Kiera Wood had been a former client and lover of her father’s. There was a chance whoever’d killed him and started cleaning up his messes had been as well. She hit the call button and counted down the numbers on the LED pad, just as she’d done that night in the precinct. When things had been so much simpler between them. A dry spot lodged in her throat as she tried to keep her smile to herself. “This morning was fun.”

“Is that what we’re calling it? I’m pretty sure you almost gave me a heart attack.” They stepped onto the elevator together, side by side. Payton punched the button for the top floor, and the doors closed. “I’m not even sure if I was conscious for some of it.”

“When we were in the kitchen? Yeah. I remember that part.” A small thrill chased through her at the idea of getting under this hardened detective’s skin. All that intensity, all that isolation and defensiveness—she’d been the one to break through. Her inner thighs prickled with the memory of his beard brushing against her oversensitive skin. Heat charged into her low belly. “Maybe we could try it again. You know, after we haven’t been nearly beaten to death and thrown off buildings or gone through walls of glass to save our partners.”

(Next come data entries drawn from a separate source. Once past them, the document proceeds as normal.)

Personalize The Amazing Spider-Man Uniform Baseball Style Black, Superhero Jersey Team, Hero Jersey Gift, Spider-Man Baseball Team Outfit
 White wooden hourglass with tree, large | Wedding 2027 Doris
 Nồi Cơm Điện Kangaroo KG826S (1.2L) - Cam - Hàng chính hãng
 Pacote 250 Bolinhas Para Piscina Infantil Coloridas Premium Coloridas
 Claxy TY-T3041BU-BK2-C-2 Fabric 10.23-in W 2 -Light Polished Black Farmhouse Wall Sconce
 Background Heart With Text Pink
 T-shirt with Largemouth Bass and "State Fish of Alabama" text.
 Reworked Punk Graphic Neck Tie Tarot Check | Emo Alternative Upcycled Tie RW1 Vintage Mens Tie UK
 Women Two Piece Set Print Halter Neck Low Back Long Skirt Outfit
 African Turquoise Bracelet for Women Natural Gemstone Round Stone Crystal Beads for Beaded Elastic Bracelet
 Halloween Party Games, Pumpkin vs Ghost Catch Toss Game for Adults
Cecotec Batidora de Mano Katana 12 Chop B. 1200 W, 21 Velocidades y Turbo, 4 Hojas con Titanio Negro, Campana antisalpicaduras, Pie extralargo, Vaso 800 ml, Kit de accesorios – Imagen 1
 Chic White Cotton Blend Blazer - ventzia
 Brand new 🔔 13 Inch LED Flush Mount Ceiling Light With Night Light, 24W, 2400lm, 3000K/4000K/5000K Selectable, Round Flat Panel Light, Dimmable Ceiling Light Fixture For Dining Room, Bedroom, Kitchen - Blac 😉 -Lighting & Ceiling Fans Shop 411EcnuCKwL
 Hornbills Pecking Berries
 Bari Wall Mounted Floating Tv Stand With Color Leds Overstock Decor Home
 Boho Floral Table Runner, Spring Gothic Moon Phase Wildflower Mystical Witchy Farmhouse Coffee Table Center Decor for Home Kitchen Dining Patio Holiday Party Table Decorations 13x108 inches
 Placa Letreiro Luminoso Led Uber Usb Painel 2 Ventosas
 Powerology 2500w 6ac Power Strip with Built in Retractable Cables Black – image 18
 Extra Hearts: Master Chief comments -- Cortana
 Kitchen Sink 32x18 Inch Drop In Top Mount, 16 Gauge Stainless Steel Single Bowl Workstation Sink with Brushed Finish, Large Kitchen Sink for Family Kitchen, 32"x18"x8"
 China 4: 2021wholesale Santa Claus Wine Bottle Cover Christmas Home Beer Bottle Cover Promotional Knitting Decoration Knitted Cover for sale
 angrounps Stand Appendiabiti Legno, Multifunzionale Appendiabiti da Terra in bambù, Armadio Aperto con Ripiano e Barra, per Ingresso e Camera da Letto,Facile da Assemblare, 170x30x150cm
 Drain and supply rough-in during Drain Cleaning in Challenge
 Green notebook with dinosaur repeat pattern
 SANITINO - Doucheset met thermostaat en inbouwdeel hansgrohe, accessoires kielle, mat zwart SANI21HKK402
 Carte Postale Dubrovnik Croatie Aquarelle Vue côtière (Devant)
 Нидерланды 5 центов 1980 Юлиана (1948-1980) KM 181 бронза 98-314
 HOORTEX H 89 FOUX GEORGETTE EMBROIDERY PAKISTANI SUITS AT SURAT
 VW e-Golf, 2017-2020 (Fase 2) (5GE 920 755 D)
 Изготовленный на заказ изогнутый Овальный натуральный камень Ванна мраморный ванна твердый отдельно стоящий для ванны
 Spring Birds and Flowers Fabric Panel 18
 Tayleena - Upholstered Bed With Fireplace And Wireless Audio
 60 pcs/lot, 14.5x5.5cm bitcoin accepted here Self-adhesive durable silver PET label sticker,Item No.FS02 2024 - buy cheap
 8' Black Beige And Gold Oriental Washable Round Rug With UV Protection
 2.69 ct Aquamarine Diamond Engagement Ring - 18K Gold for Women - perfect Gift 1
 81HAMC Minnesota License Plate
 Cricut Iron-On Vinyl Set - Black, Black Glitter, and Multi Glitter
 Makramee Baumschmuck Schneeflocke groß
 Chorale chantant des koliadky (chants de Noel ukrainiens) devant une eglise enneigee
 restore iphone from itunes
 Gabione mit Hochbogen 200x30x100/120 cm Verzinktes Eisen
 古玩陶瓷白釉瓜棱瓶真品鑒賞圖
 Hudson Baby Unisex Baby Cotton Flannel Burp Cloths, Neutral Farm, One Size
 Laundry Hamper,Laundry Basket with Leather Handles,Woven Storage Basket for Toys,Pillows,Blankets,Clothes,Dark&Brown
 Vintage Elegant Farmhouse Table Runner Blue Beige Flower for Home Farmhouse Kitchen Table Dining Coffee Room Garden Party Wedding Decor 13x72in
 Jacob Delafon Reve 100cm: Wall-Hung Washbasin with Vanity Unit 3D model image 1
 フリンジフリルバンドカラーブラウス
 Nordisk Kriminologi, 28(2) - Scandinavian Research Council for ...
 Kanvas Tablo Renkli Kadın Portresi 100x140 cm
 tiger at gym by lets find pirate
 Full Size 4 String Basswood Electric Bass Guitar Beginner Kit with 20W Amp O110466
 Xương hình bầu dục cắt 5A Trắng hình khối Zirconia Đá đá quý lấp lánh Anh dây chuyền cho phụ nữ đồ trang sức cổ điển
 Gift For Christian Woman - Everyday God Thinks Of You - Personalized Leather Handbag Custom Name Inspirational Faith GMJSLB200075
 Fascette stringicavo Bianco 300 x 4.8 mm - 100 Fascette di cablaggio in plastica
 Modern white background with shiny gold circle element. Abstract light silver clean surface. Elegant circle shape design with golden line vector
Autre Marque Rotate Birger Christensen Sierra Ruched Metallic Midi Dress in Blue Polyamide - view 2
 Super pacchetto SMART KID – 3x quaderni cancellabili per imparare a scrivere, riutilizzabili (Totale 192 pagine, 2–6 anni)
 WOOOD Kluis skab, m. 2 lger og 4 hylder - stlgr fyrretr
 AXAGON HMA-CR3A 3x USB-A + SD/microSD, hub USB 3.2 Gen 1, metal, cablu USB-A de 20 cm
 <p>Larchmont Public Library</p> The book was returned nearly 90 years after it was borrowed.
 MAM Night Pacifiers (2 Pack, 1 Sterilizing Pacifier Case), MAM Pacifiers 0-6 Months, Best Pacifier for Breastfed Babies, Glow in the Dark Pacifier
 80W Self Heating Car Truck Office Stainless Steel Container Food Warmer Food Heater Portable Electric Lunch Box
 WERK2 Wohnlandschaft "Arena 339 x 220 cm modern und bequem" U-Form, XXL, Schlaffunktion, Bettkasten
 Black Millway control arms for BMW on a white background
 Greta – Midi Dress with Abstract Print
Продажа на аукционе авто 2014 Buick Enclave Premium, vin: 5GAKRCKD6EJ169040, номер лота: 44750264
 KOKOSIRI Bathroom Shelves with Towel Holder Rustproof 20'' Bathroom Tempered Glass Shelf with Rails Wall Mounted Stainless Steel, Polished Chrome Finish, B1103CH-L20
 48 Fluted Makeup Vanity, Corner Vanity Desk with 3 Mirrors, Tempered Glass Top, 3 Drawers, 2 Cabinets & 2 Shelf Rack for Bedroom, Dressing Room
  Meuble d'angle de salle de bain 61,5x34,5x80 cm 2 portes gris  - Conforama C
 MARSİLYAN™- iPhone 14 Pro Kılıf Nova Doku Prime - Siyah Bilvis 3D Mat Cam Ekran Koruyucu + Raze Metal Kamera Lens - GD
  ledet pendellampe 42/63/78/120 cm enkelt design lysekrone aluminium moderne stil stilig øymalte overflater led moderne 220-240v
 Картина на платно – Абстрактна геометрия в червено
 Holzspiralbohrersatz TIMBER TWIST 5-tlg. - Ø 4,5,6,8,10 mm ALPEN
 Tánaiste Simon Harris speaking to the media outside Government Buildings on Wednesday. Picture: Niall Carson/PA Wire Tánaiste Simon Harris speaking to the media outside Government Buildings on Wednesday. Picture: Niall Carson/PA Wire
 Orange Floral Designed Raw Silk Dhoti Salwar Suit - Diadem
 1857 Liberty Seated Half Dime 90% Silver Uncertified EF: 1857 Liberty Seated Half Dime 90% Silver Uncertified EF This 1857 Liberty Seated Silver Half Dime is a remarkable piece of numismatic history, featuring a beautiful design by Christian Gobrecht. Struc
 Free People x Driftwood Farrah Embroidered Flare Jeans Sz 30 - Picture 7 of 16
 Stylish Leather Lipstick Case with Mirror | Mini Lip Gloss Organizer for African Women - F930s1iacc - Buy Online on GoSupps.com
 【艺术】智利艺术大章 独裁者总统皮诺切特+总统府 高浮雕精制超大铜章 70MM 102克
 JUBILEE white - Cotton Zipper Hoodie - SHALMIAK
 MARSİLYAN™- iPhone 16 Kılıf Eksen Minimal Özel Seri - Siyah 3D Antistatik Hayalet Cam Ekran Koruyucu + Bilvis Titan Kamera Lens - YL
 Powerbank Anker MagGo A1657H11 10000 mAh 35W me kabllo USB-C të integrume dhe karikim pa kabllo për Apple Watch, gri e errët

His smile triggered another round of delicious fantasy. “I’d like that.”

The elevator announced their arrival, and they stepped off into the open penthouse created from marble, glass, and steel, and the lightness she’d enjoyed vanished. Plush gray carpet brought out the veins of marble along the floor and commanded attention and power from anyone who stepped off the elevator. Seascapes lined perfectly along one wall and reminded her of similar paintings her father had hung at home. Black seats and coffee tables peppered the long walk to the front desk but sat empty now. “Welcome to my inheritance.”

“This is all yours?” His low whistle punctured through the easiness she’d felt all morning. They weren’t safeguarded from the world in his beautiful house anymore. They were back in the real world—with a killer—and they couldn’t pretend the world had stopped turning for them.

“He left it to me. Whether that makes it mine is a different story.” She moved past the front desk and curved along the wide corridors branching off to associate and contract lawyer offices, a gym, a full bar, and a mountain of paralegals and support staff cubicles. “This way.”